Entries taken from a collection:
######
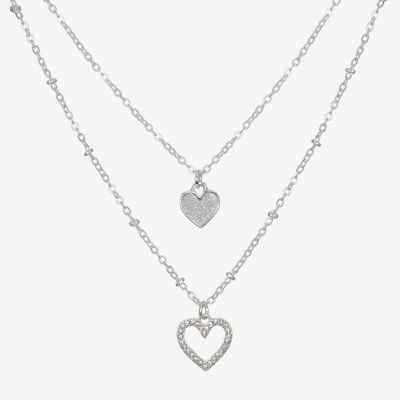 Bijoux Bar Delicates Silver Tone Glass 16 Inch Link Heart Strand Necklace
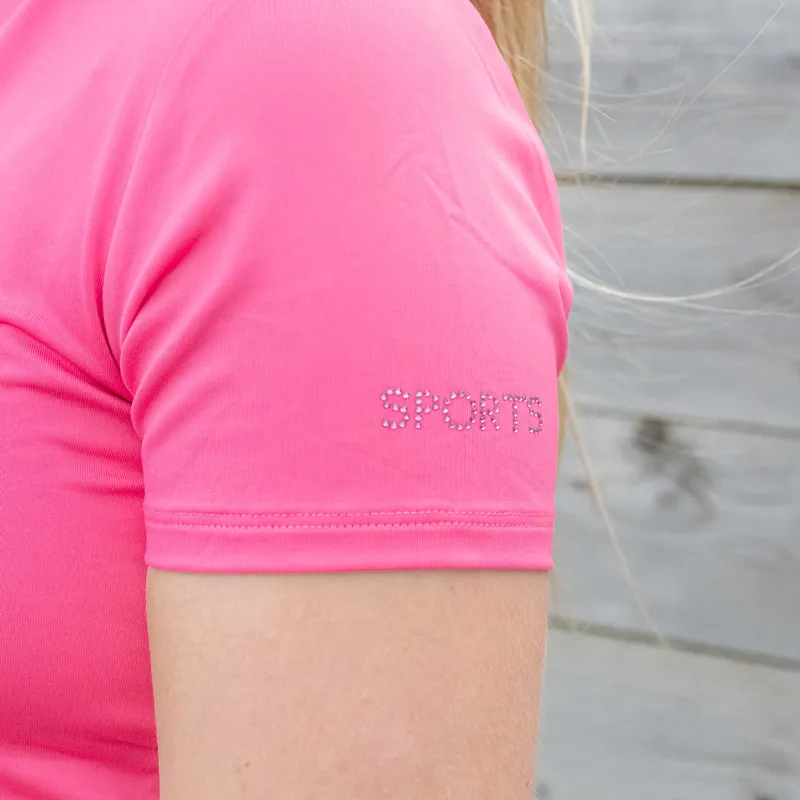 Schockemohle Summer Page Style Ladies Functional Shirt - Hot Pink-2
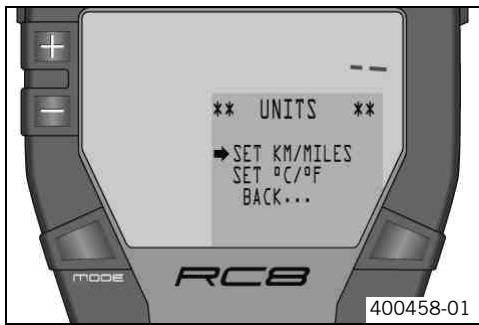 KTM 1190 RC8 - UNITS menu - 1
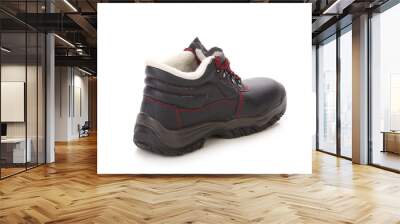 Black man's boot with red lace. Wall mural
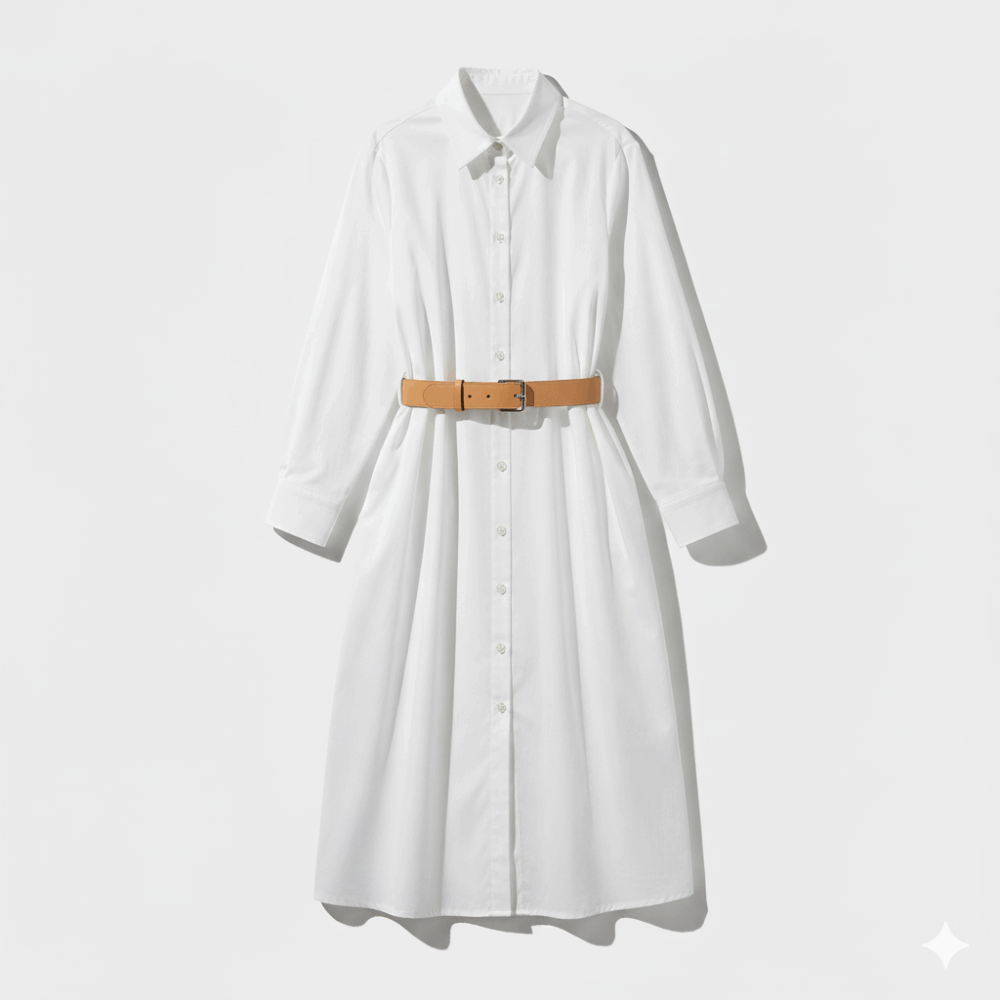 Vestido camisero con cinturón – color blanco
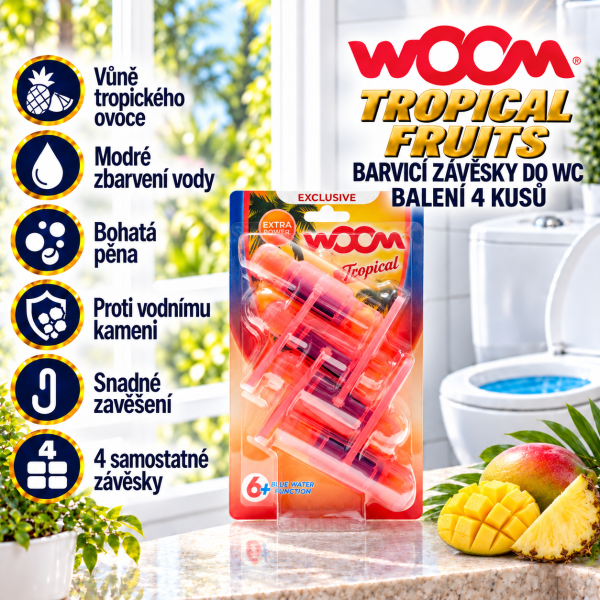 wOOm Tropical Fruits, balení čtyř barvicích závěsek do WC, ve světlé koupelně s tropickým ovocem a přehledem hlavních výhod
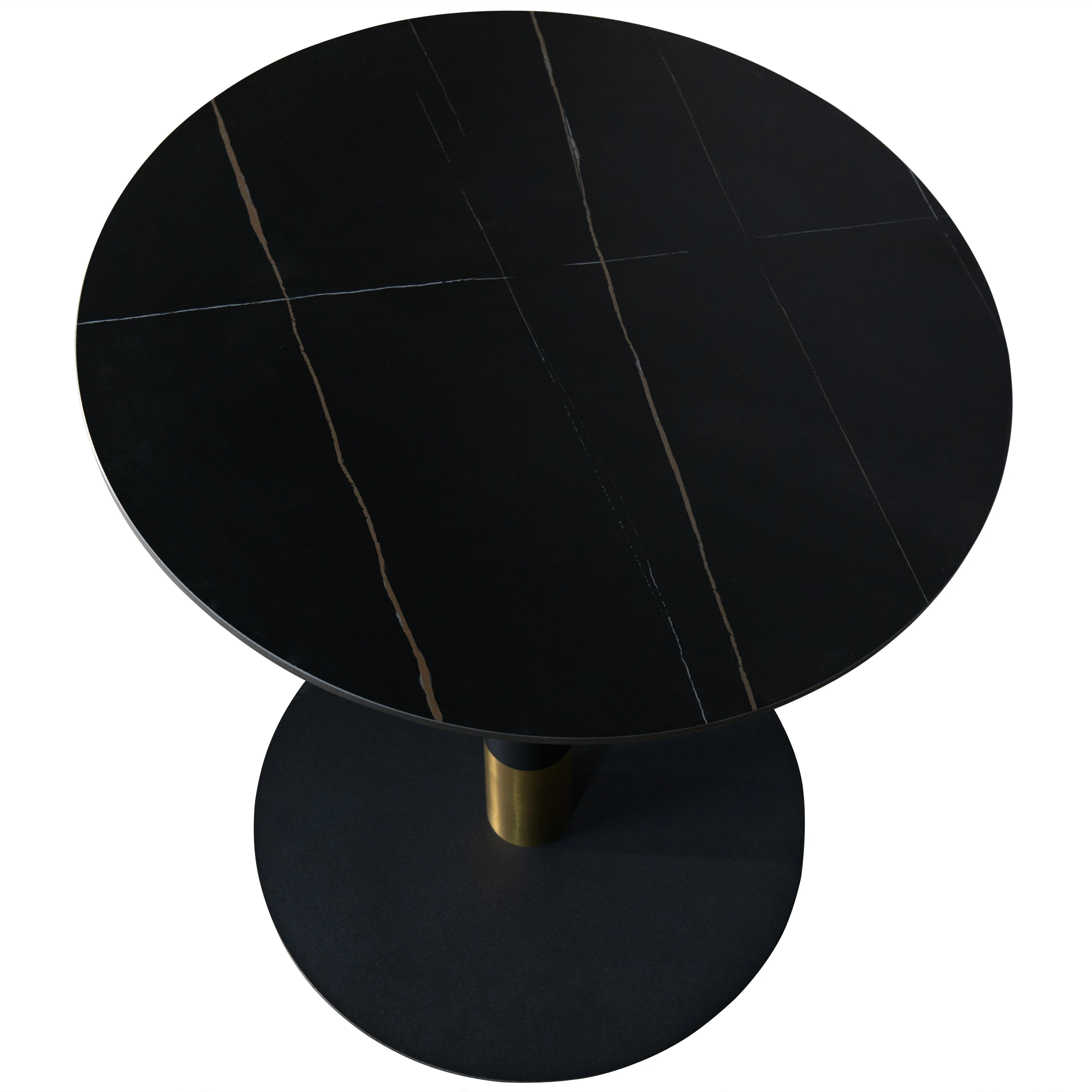 Vail Collection Dining Table Black/Gold Base With 36" Round BLack Stone  Top
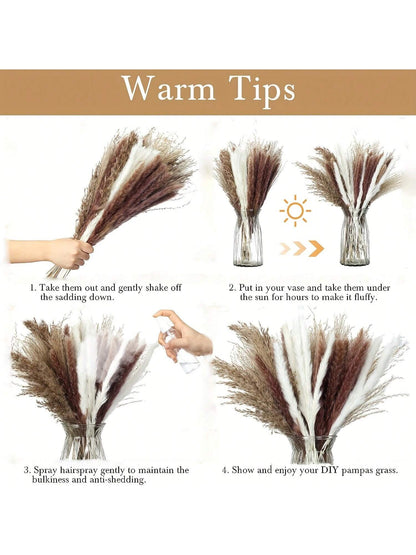 باقة من أوراق  المجففة 220 قطعة، 17.3 بوصة (حوالي 44 سم)، باقة ذيل الأرنب، نمط بوهيمي للديكور الزفاف والمنزل وطاولة العشاء والحفلات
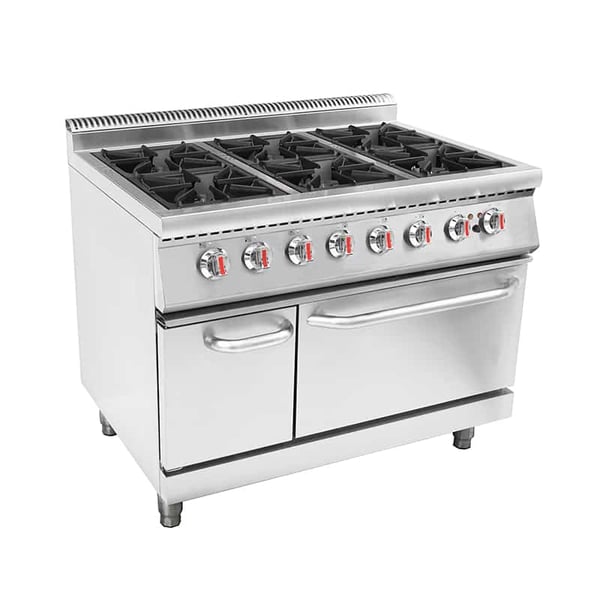 cuisinière à gaz commerciale à 6 brûleurs et 2 fours 7G-TQ-6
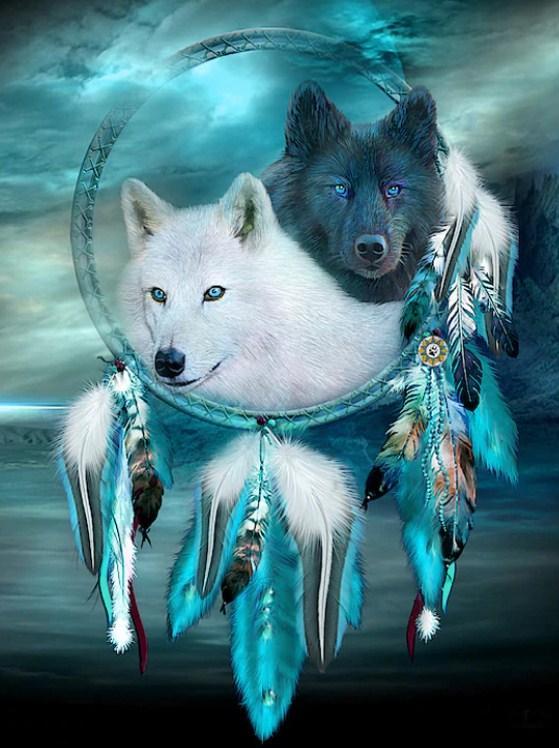 Black & White Wolf Dream Catcher – Diamond Painting Bliss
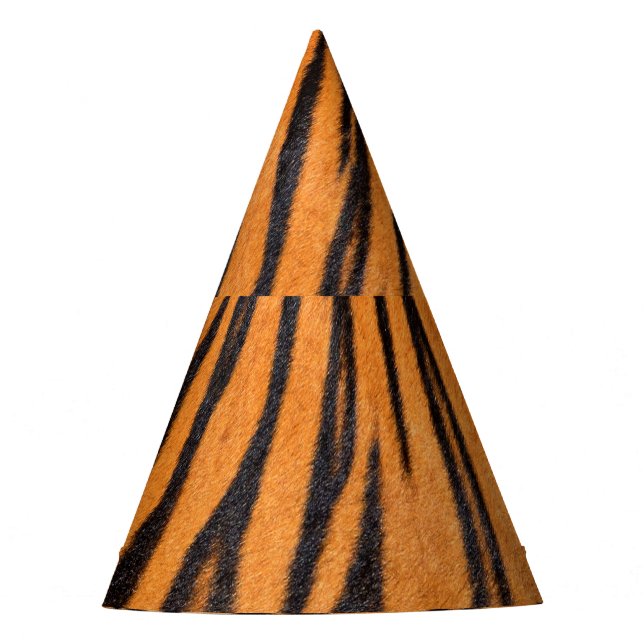 Realistic tiger skin texture. party hat (Front)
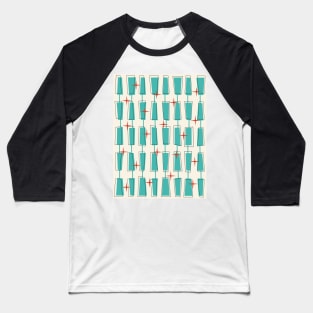 MCM Atomic Blocks Teal, Cream, Red Baseball T-Shirt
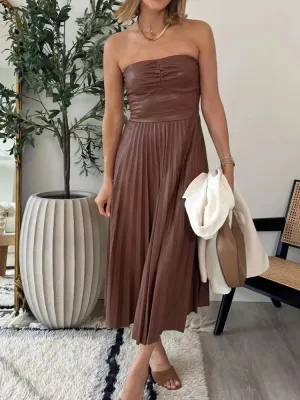 UAKISS  -  New Backless Holiday Simple Maxi Dress, Women Summer Strapless Elegant Party Dress, 2024 Sleeveless Solid Patchwork Ladies Dress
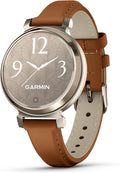 Garmin Lily 2, Small and Stylish Smartwatch, Hidden Display, Patterned Lens, Up to 5 Days Battery Life, Tan (Renewed)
######
Your instructions →
A faithful, word-for-word copy of the data is needed; the pictures should not appear in it.

Result below →
 Bijoux Bar Delicates Silver Tone Glass 16 Inch Link Heart Strand Necklace
 Schockemohle Summer Page Style Ladies Functional Shirt - Hot Pink-2
 KTM 1190 RC8 - UNITS menu - 1
 Black man's boot with red lace. Wall mural
 Vestido camisero con cinturón – color blanco
 wOOm Tropical Fruits, balení čtyř barvicích závěsek do WC, ve světlé koupelně s tropickým ovocem a přehledem hlavních výhod
 Vail Collection Dining Table Black/Gold Base With 36" Round BLack Stone  Top
 باقة من أوراق  المجففة 220 قطعة، 17.3 بوصة (حوالي 44 سم)، باقة ذيل الأرنب، نمط بوهيمي للديكور الزفاف والمنزل وطاولة العشاء والحفلات
 cuisinière à gaz commerciale à 6 brûleurs et 2 fours 7G-TQ-6
 Black & White Wolf Dream Catcher – Diamond Painting Bliss
 Realistic tiger skin texture. party hat (Front)
 MCM Atomic Blocks Teal, Cream, Red Baseball T-Shirt
 UAKISS  -  New Backless Holiday Simple Maxi Dress, Women Summer Strapless Elegant Party Dress, 2024 Sleeveless Solid Patchwork Ladies Dress
 Garmin Lily 2, Small and Stylish Smartwatch, Hidden Display, Patterned Lens, Up to 5 Days Battery Life, Tan (Renewed)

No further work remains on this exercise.